Daily News Summary
The purpose of this summary provided by the Communications Department of The Florida Bar is to present media coverage that may be of interest to members. Opinions expressed in the articles are attributable solely to the authors. The Florida Bar does not adopt or endorse any opinions expressed below. For information on previous articles, please contact the publishing newspaper directly.
February 14, 2020
The Florida Bar
The Florida Bar | Article | February 14, 2020
The Daily News Summary features Florida Bar News articles on changes to court procedural rules, building business success with diverse teams, rules on ex parte filings, and preserving issues on appeal. A special committee with members from several Bar procedural rules committees will consider a question on preserving issues on appeal when the challenged matters first appear in the trial judge’s order or judgment. The Florida Supreme Court wanted the special committee to address whether a rule is needed to address an issue raised in a May/June 2019 Bar Journal article for the Appellate Practice Section.

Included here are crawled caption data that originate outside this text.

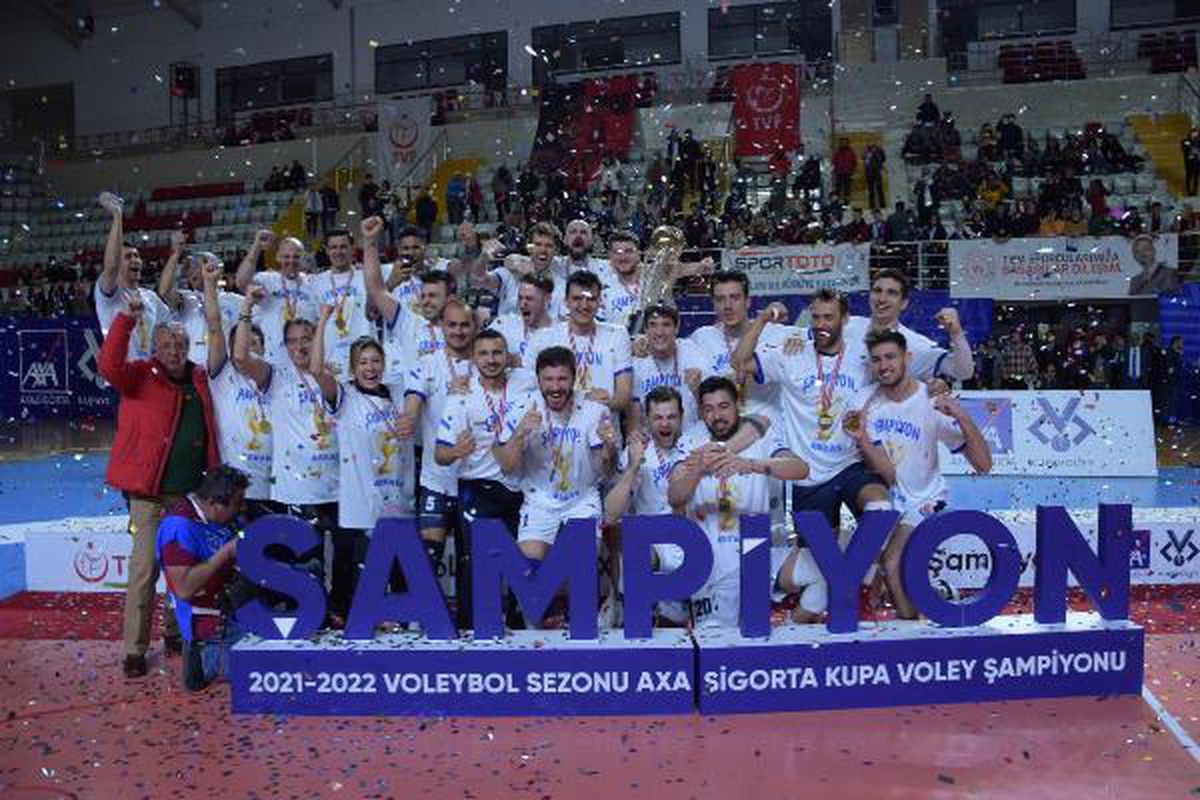 Arkas Spor\'un 11 yıllık özlemi bitti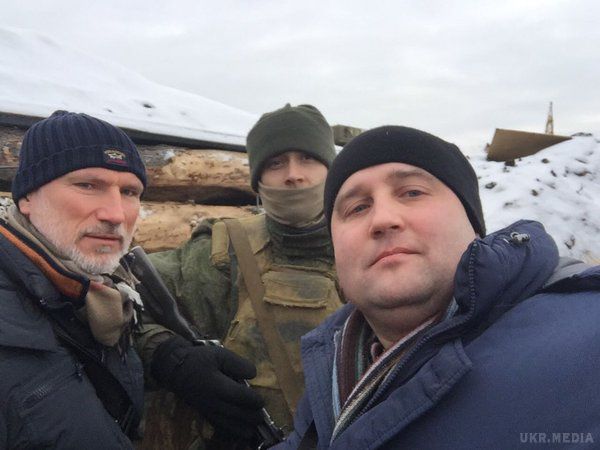 Бойовика Гіві міг ліквідувати депутат Держдуми РФ, який прибув в "ДНР" напередодні. Соцмережі радіють.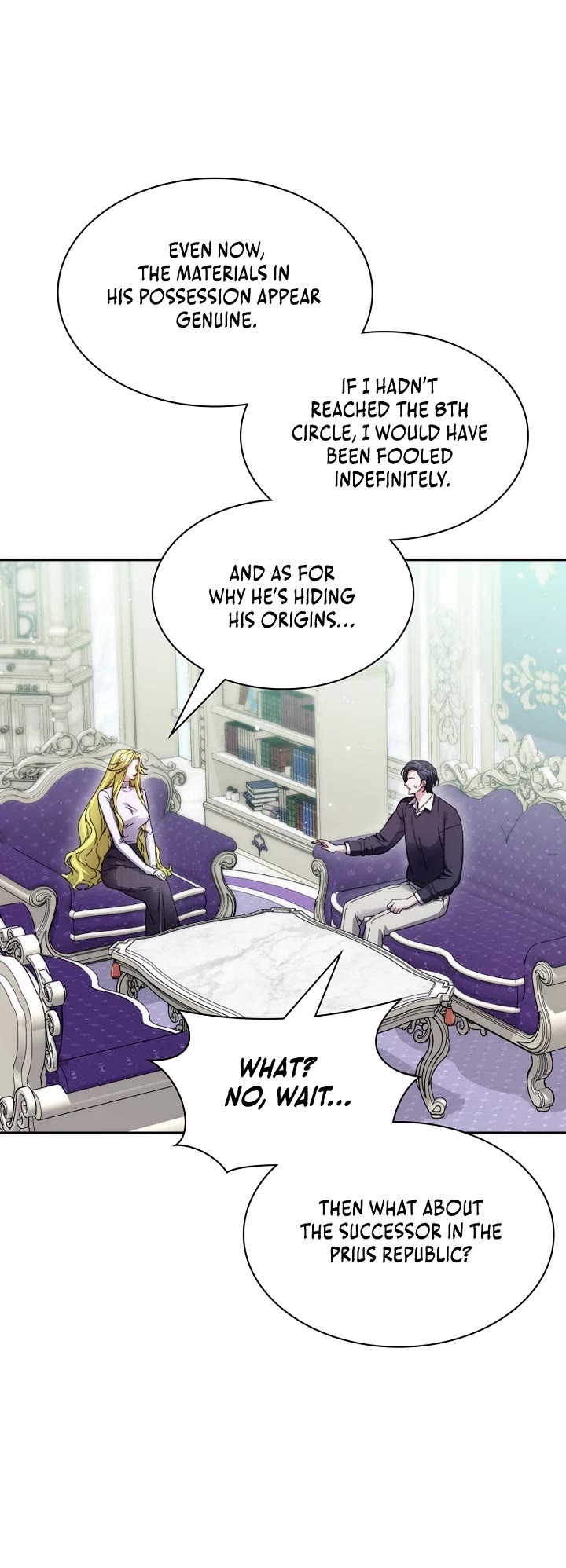 My Lucky Encounter From the Game Turned Into Reality Chapter 92 page 4 - Chapter 92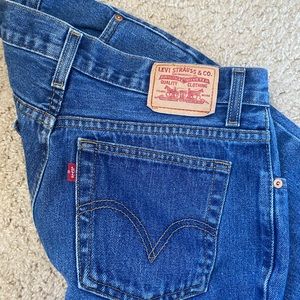 90’s Levi’s Mom Jeans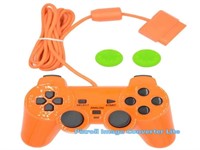 PS2 Wired Controller, Double Shock Dual Vibration
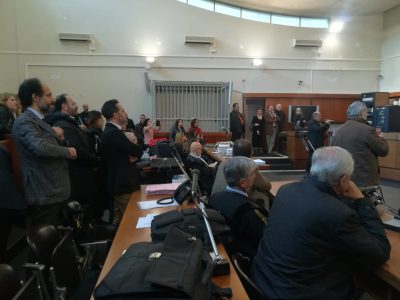 Giornata di saluti per lo storico cancelliere del Tribunale Giampiero Pugliese - Corriere Salentino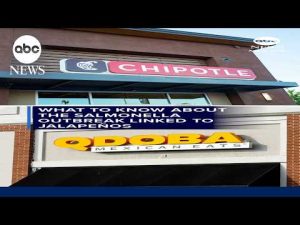 Read more about the article What to know about the salmonella outbreak linked to jalapeños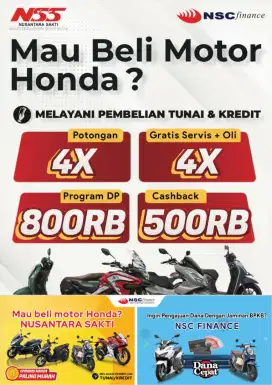 Mencari Agent Jual Motor Honda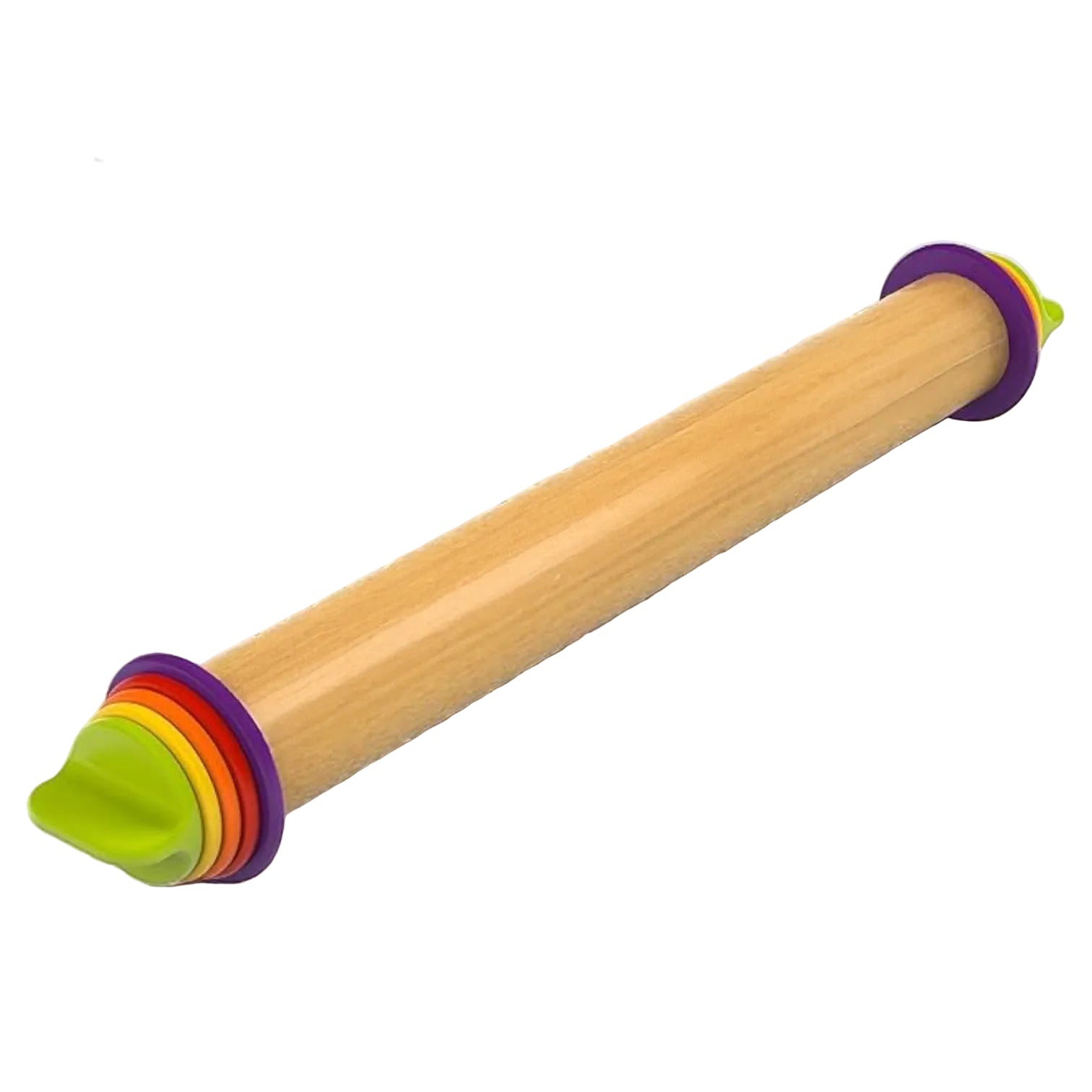 Holz-Teigroller verstellbar - Teigroller Sugar Sweet Kitchen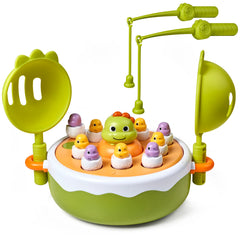 4-in-1-Dinosaurier-Bildungsspielzeug für Kleinkinder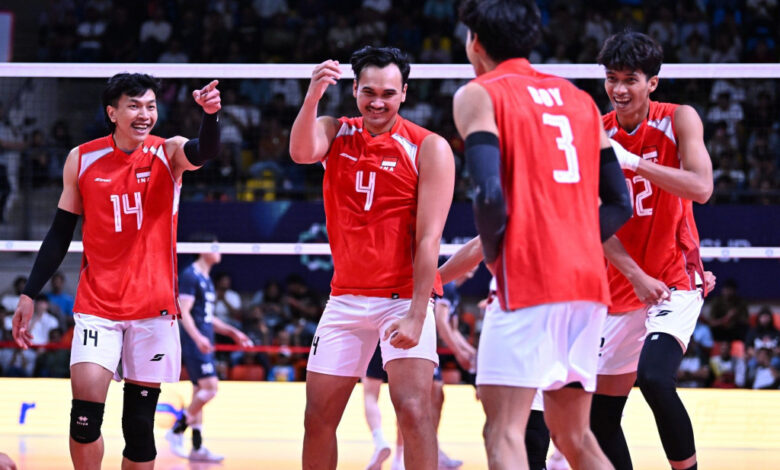 Indonesia Rebut Takhta Asia, Korea Selatan Tumbang di Final AVC Cup 2026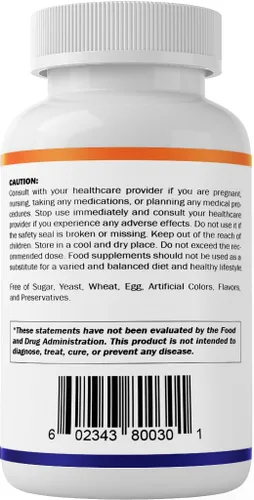 Miniatura 9 de Vitamatic 3 Pack Vitamina D3 50,000 UI (como colecalciferol), Dosis Semanal Única, 1250 mcg, 60 cápsulas vegetarianas Suministro para 1 año, Fórmula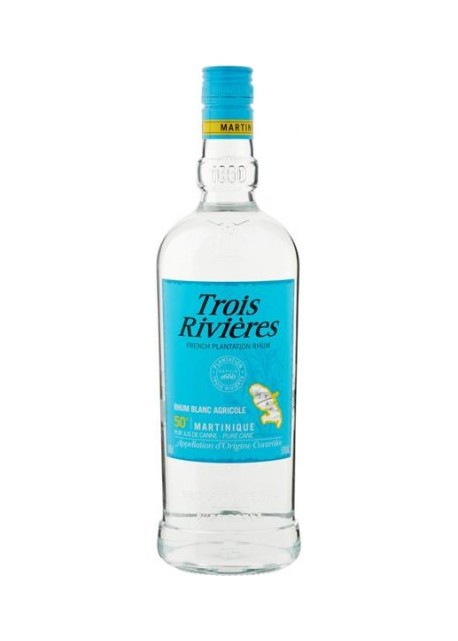 Rum Trois Rivieres Agricol Bianco 1,0 lt.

Sun Sentinel | Article | February 13, 2020
Bernard McDonald, a homeless and disabled laborer, is suing the city, alleging his right to free speech was violated when a deputy arrested him. In August 2018, he was begging for money at Federal Highway and Sample Road, holding a cardboard sign that read, “Homeless, please help me if you can.” On Wednesday [Feb. 12], McDonald was named in a federal lawsuit that asks a judge to force Pompano Beach to stop making the panhandling arrests, which have been happening since 2003. Lawyers say more than 100 people have been arrested or cited in Pompano Beach within the last two years alone.
Tampa Bay Business Journal | Article | February 13, 2020
The House Commerce Committee on Thursday [Feb. 13] approved a proposal (HB 7071) that would place additional restrictions on what are known as “contingency risk multipliers.” Under the bill, contingency risk multipliers could only be awarded “in a rare and exceptional circumstance with evidence that competent counsel could not be retained in a reasonable manner.” The bill is backed by a variety of business and insurance-industry groups, including the Florida Chamber of Commerce and Associated Industries of Florida. It is opposed by the Florida Justice Association, which represents plaintiffs’ attorneys across the state.
Courtroom View Network | Article | February 14, 2020
R.J. Reynolds was cleared of fault Wednesday [Feb. 12] for the cancer that killed Edward Richter, who had smoked for more than 40 years. Jurors in Florida’s 15th Circuit, in Palm Beach County, concluded nicotine addiction did not cause his 1996 lung cancer death. The lawsuit is among thousands of claims that stem from Engle v. Liggett Group Inc., a 1994 Florida state court class-action case against the nation’s tobacco companies. The Florida Supreme Court ultimately decertified the class, but ruled that so-called Engle progeny cases may be tried individually.
Daily Business Review | Article | February 13, 2020
Attorney David Efron has secured a reversal after Florida’s Third District Court of Appeal found he should have been granted a postponement when his lawyer cited “irreconcilable differences” and withdrew from the case. Efron asked for a postponement 11 days before arbitration was scheduled, when his attorney, Lloyd Schwed of Schwed Kahle & Kress in Palm Beach Gardens, withdrew. Efron asked for 60 days to retain new counsel, but the arbitration panel denied his request without explanation. Efron failed to appear, and in his absence, the panel sided with UBS. Miami-Dade Circuit Judge Pedro Echarte Jr. then denied Efron’s request to vacate the award. But the appellate court disagreed.
Law.com | Article | February 13, 2020
Miami attorney Juan Mercado, 29, has been arrested on bribery charges over allegations he offered to help a woman’s pending criminal case “go away” in exchange for sex. His arrest followed an investigation by the Florida Department of Law Enforcement, which alleged Mercado had sex with a defendant facing domestic battery charges. Mercado was assistant state attorney in Charlotte County in Southwest Florida between 2017 and 2019. The Office of the State Attorney for Twelfth Judicial Circuit, which covers Desoto, Manatee and Sarasota counties, will now prosecute the case.
WUSF | Article | February 14, 2020
Dr. Thomas Sellers, along with four researchers and the Moffitt’s cancer center’s CEO, Dr. Alan List, resigned last year after an investigation found they failed to disclose their participation in a Chinese program called Thousand Talents, which paid them each tens of thousands of dollars. The lawsuit says Sellers was set up by Moffitt researcher Sheng Wei, who was being paid by China for each scientist he recruited into the program. Thousand Talents was designed to bring high-level scientists from the United States into collaborations with researchers in China. In addition, Sellers is suing Moffitt researcher Sheng Wei for fraud and intentional infliction of emotional distress.